Bog enters the front garden, which is full of low shrubs and flower beds. He finds a low stone bench, puts a foot up on it and balances his laptop on his knee, angling it to shelter the screen from the onslaught of the sun. A stone wall next to the sidewalk partially screens the garden from the street. The modernist house behind him is sided in wide boards of dark walnut hardwood. The large windows are black metal framed, differing in size and shape. There are separate roofs over different parts of the house. They extend awnings over a sidewalk that runs around the outside of the house. One of these awnings cantilevers over the tall glass front door.
“The guy uses her phone?” Bog asks. “He had to be pretty concerned to do that. But it makes sense if he was trying to reach her parents.”
“Don’t any of you guys have her parents’ number?” asks Kina.
There is a collective pause. Bog would be the logical person. He actually got to know Kim’s parents once upon a time. On the other hand, since he and Kim broke up why would he keep her parent’s number? He checks to see if he still has it.
“Bingo!”
He gives the number to Kina. Even on his laptop Bog can watch as Kina bends to write it down. She wears one of her signature tops, which makes it hard not to notice.
Kina wastes no time.
“Well, I need to call them. Bye guys.”
Kina disappears.
“I’m afraid Kim is not a huge swimmer,” interjects Gilly.

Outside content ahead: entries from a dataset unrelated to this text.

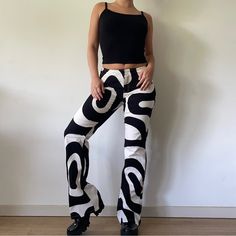 Nwt Motel Rocks Black And White Abstract Pattern Low Rise Straight Leg Pants 95% Cotton, 5% Elastane Brand New With Tags Never Worn Models Measurements: Bust 34c Waist 26 In Hips 38 In Height 5'2" Im Open To Offers:) Birthday Quotes, Sing Song, Black And White Pants, Motel Rocks, Fit Ideas, Streetwear Fashion Women, Black And White Abstract, White Paint, Straight Leg Pants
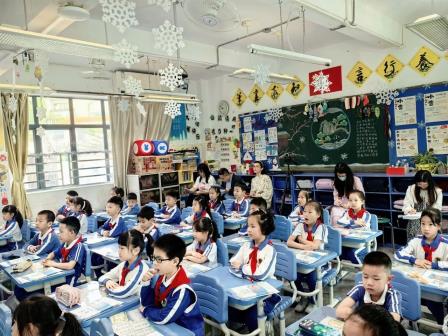第五责任区督学到怡景小学开展“双减+”专项督导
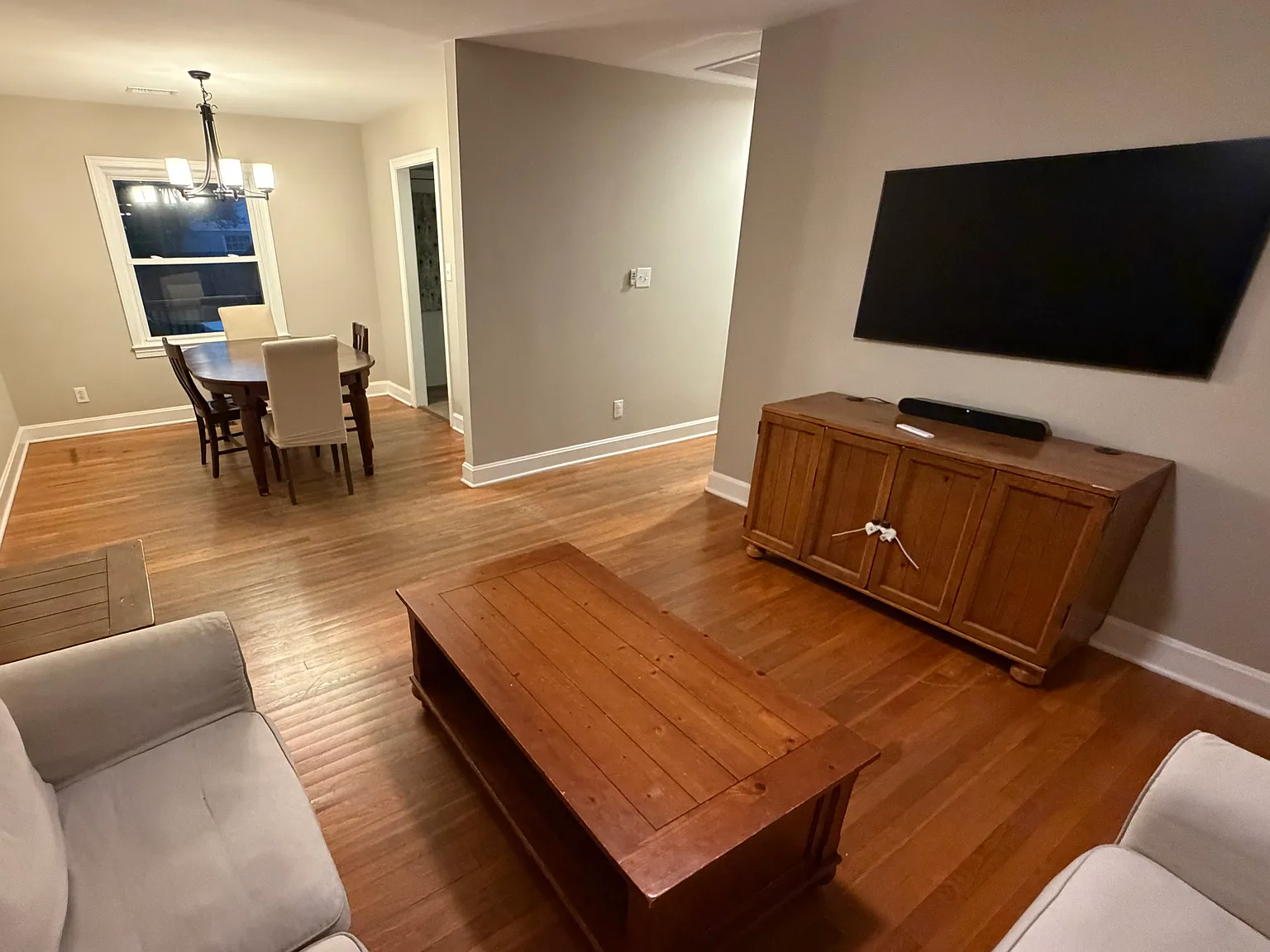 3 bed, 1050 sqft, $3,100 — Photo 4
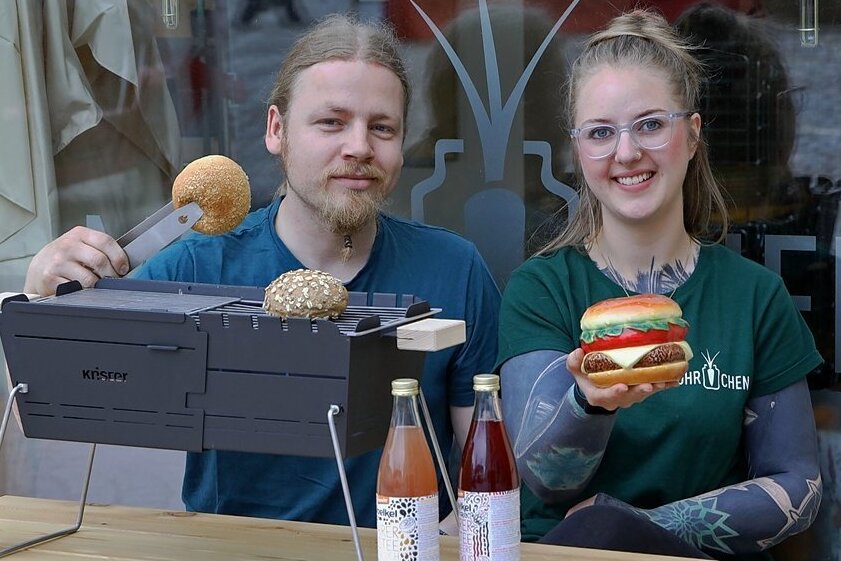 Annemarie Friedrich und Lucien Berrier vom "Möhrchen" in Glauchau bereiten sich auf den Genussmarkt vor. Zum Angebot gehören gesunde Burger. 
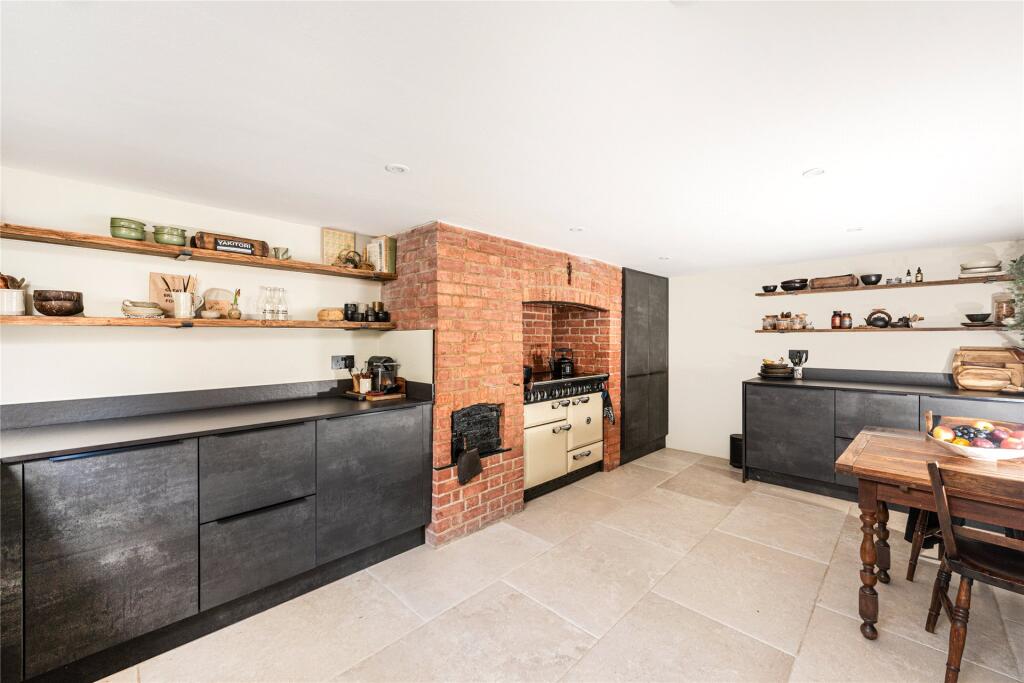 House in Princes Risborough, Askett - View 6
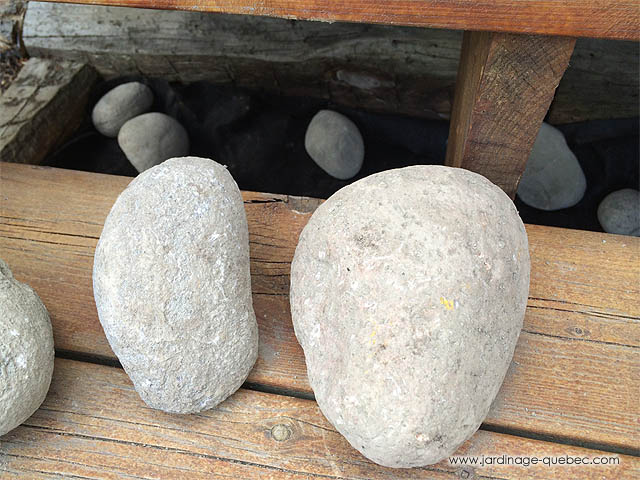 Pierre ronde - Pierre ronde � donner - Pierre de rivi�re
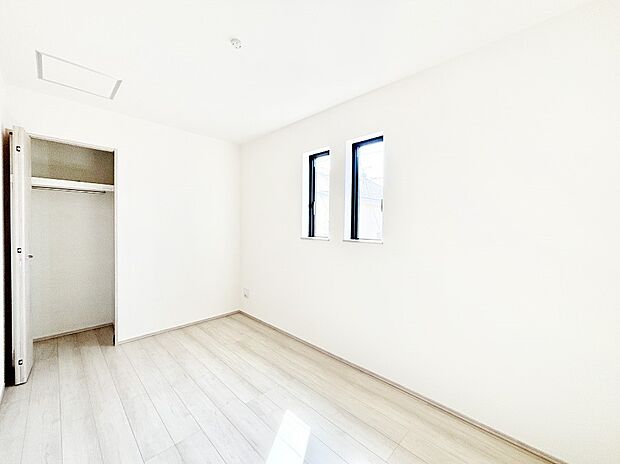 お子さまのお部屋としても！衣類の整理整頓に便利なクローゼット付きの洋室。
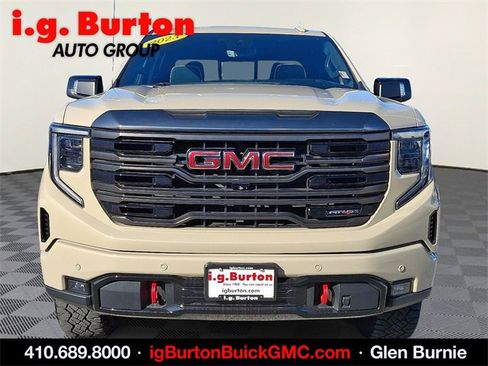 Used 2023 GMC Sierra 1500 AT4X image 2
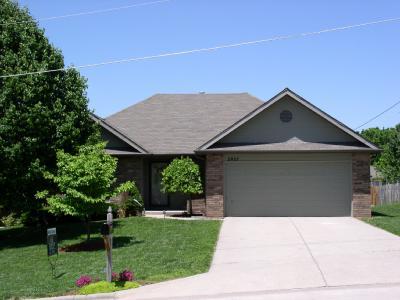 2927 East Lark Street Springfield, MO 65804 - Photo 1 of 1 Primary Photo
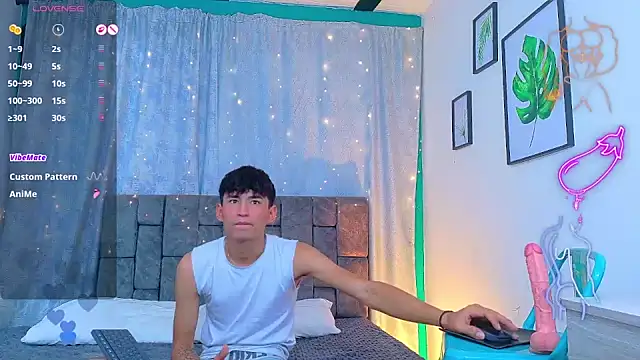 NicolasTorrez Chat XXX live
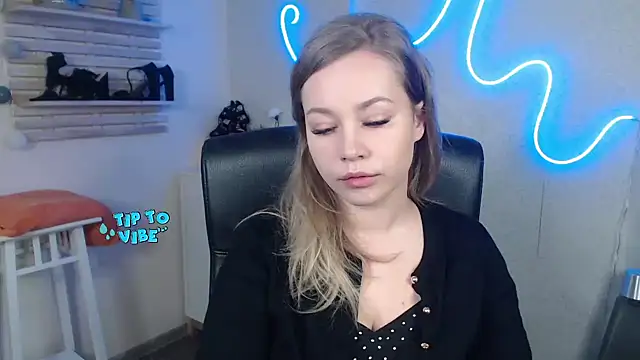 Snapshot of holly_xglam chatting on 12-30-24, 06:31 holly xglam online show from 12-30-24, 06:31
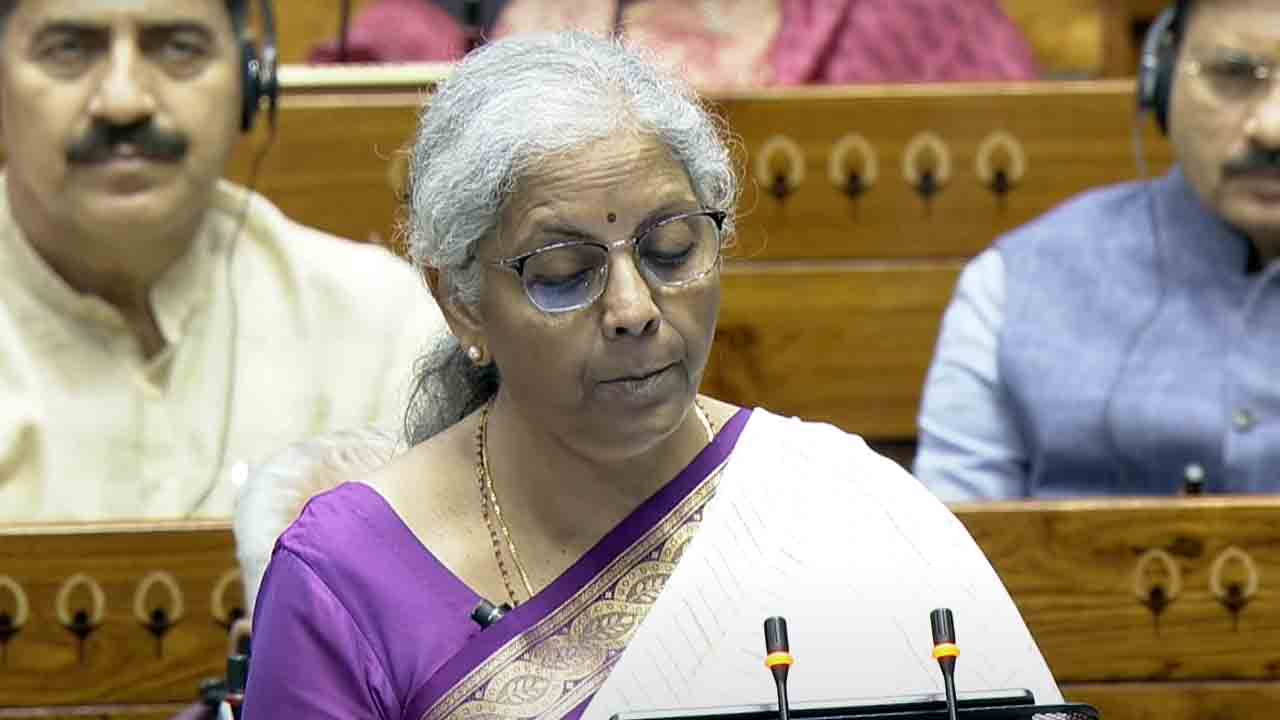 Union Budget | హైదరాబాద్‌-బెంగళూరు పారిశ్రామిక కారిడార్‌ అభివృద్ధికి ప్రత్యేక నిధులు: కేంద్ర ఆర్థిక మంత్రి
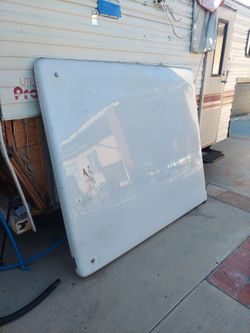 Chevy colorado "Snugtop" regular bed used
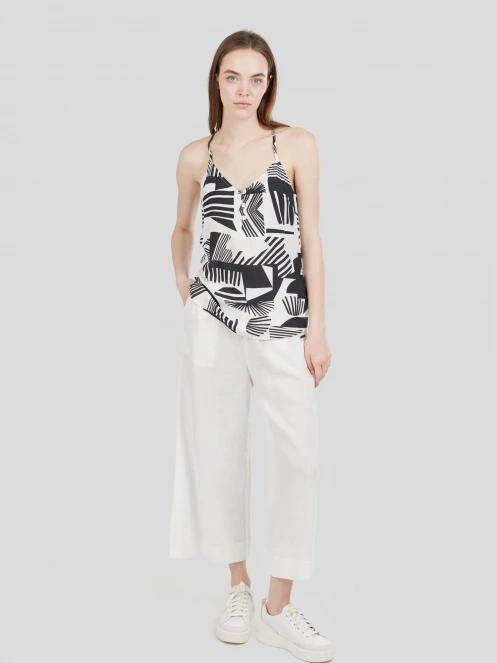 Fundango Indi Top for women in black 4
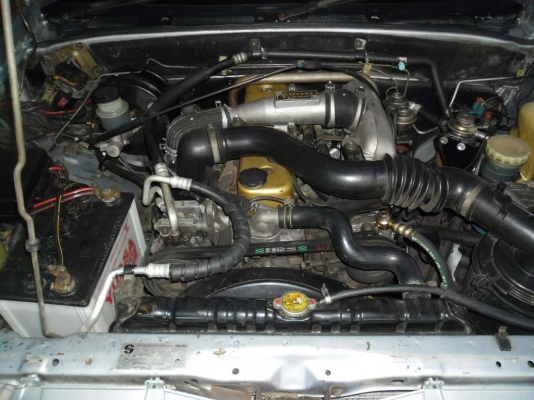 Isuzu Dragon spacecab 2.8 SLX ปี2000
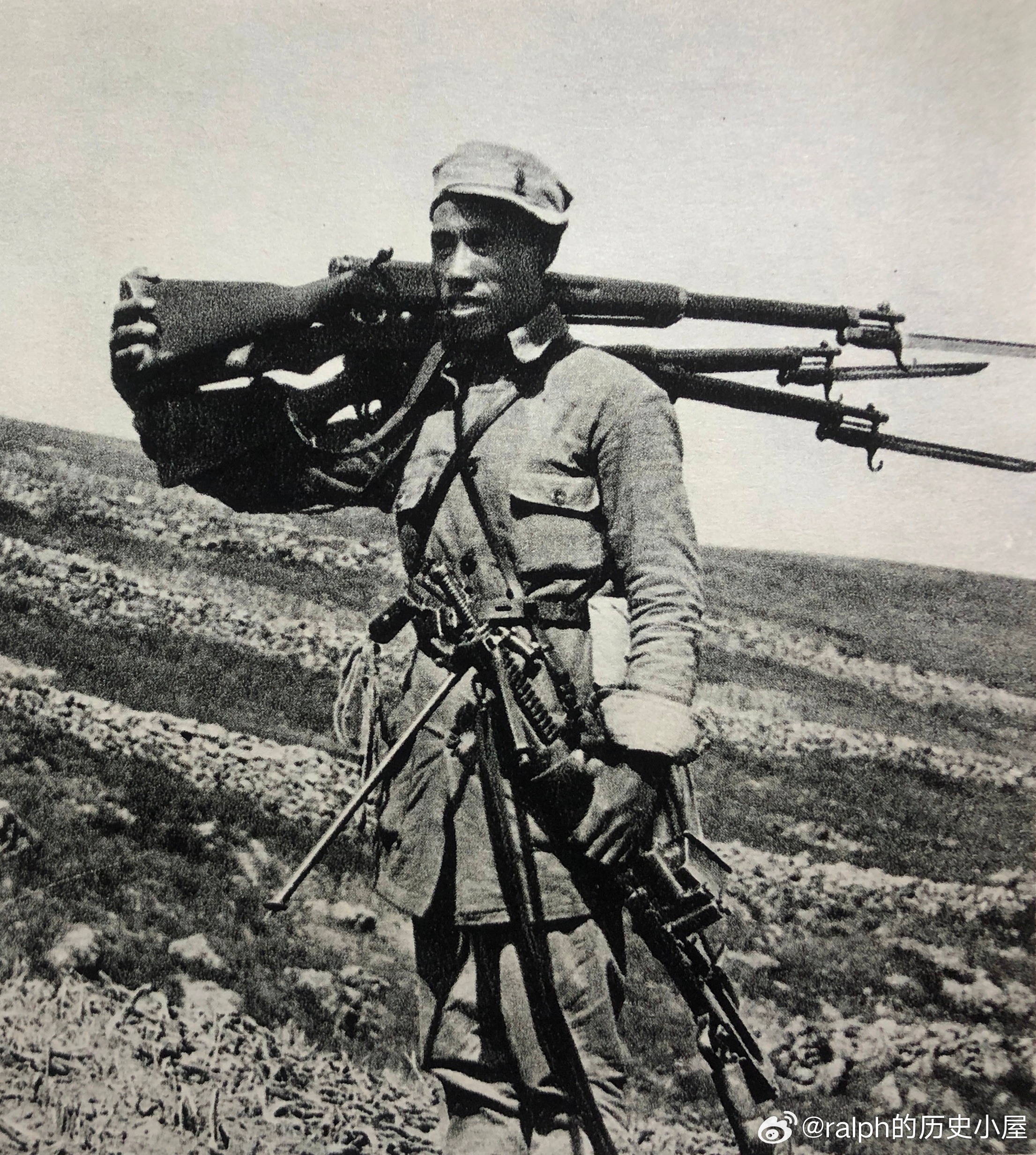 1940年9月涞源三家村战斗中晋察冀军区一分区2团1连连长李永生一人缴获1挺机枪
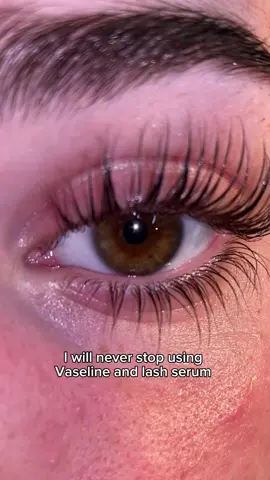 Vaseline is so underrated for the eyelashes 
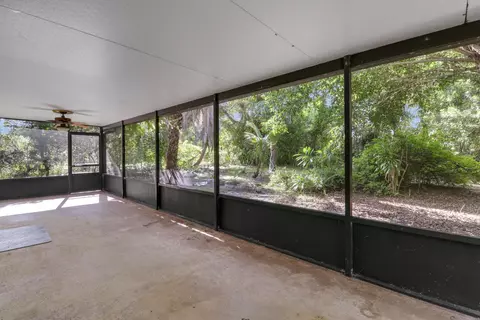 Exterior - 142 2nd St, Jupiter, FL 33458 photo 7 of 11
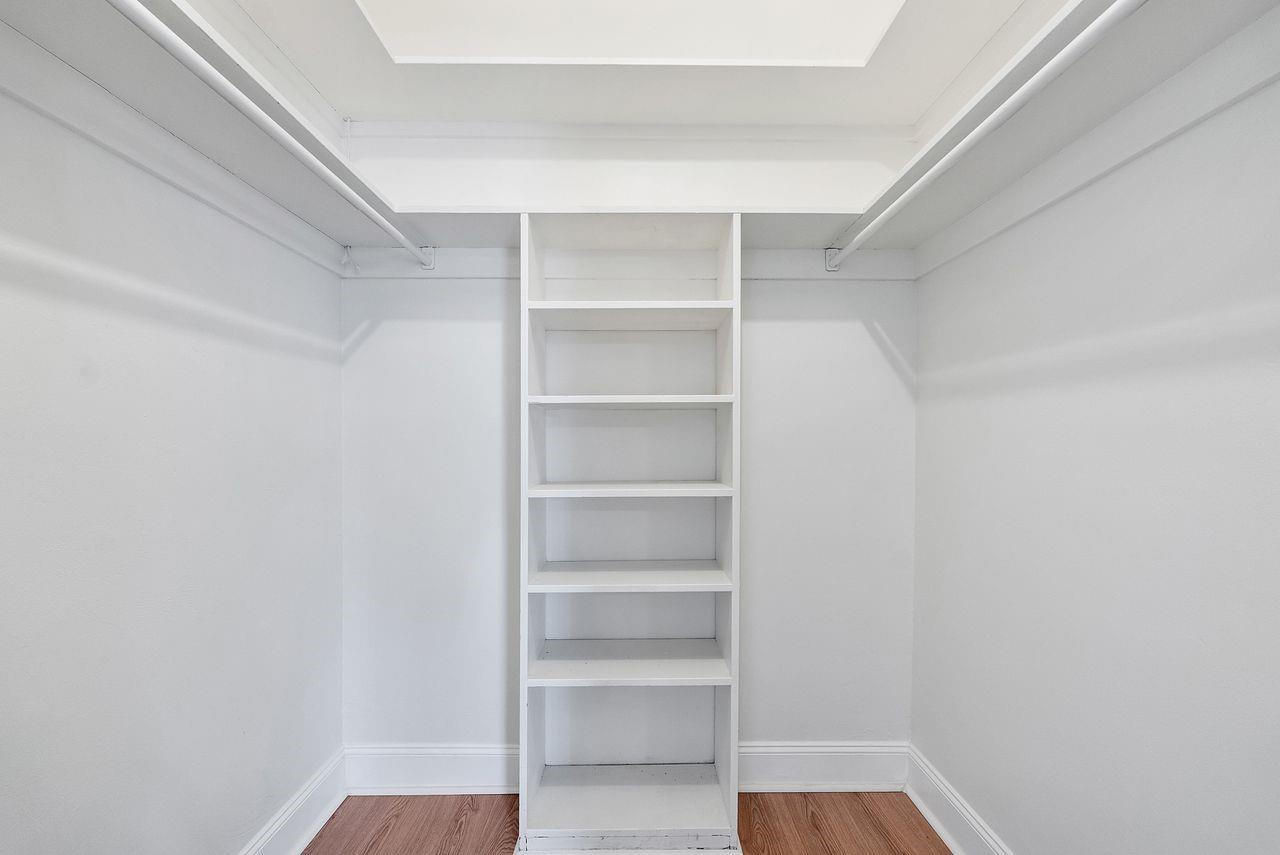 Palm Yacht & Beach Club - Residential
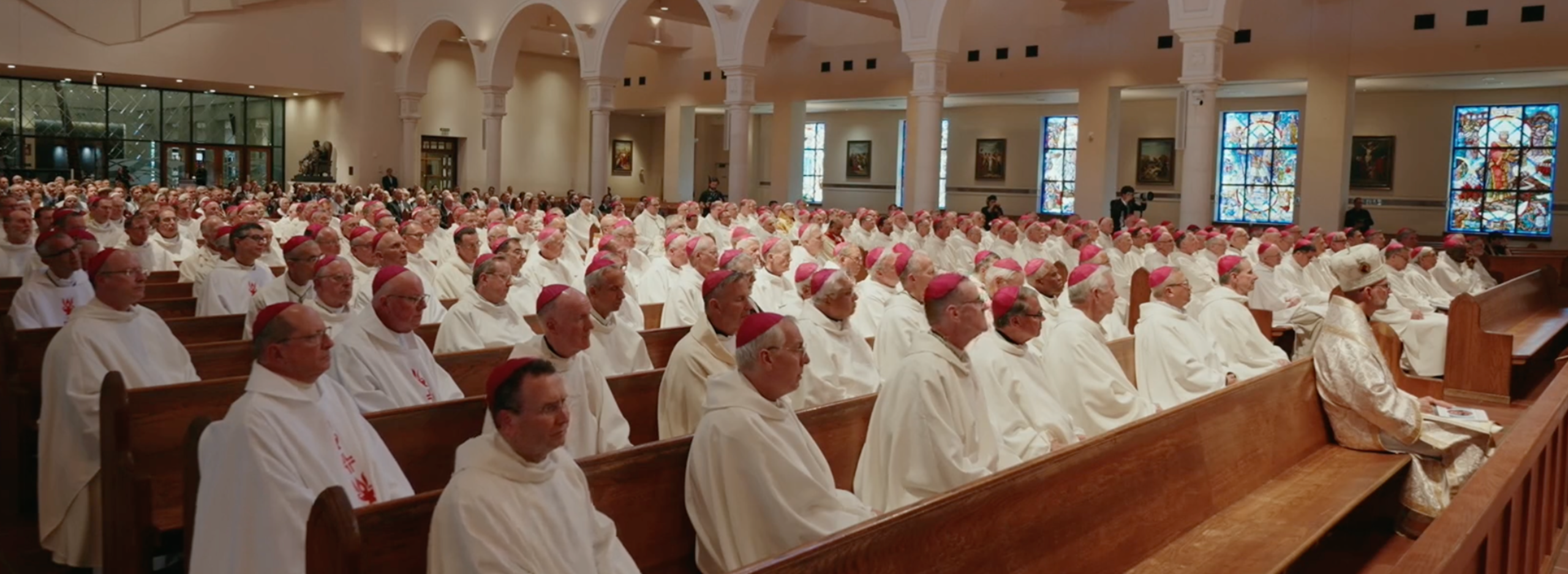 USAs biskoper under vielsen til Jesu hellige hjerte.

“Well, neither am I,” interjects Sofie.
Gilly pats her on the shoulder.
“You don’t need to be,” Gilly observes.
Sophie’s hat flips in a gust of wind and she tries to constrain it as she looks up at Gilly.
“Zak,” she says.
“Oh sure. He’s a good swimmer. He??
?ll see to her,” Gilly says, patting her some more.
Bog looks up, into the sun, and squints. It must be dawn over there, he thinks, tomorrow already.
“Look guys. They’ll be fine,” he says, even though he is not entirely sure about that.
There is a pause in the conversation. This leads Bog to ask, “How’s the surfing?”
Gilly, sun drenched and still dripping, warms instantly to the subject.
“Crazy. This island has a wicked point break.”
Bog remembers the times they’ve surfed together and now he envies Gilly.
“Cool.”
Sofie, however, is not to be left out.
“There’s even an old lighthouse,” she says, while pointing back up the cliff.
Bog, who cannot dispel his worry over Kim and Zak, nods agreeably and smiles back into the laptop’s tiny camera.
“Awesome. It really is guys.”
Kim, Zak and an ocean of water in a busy harbor is not such a great place to be. He’s going to keep the tracker running.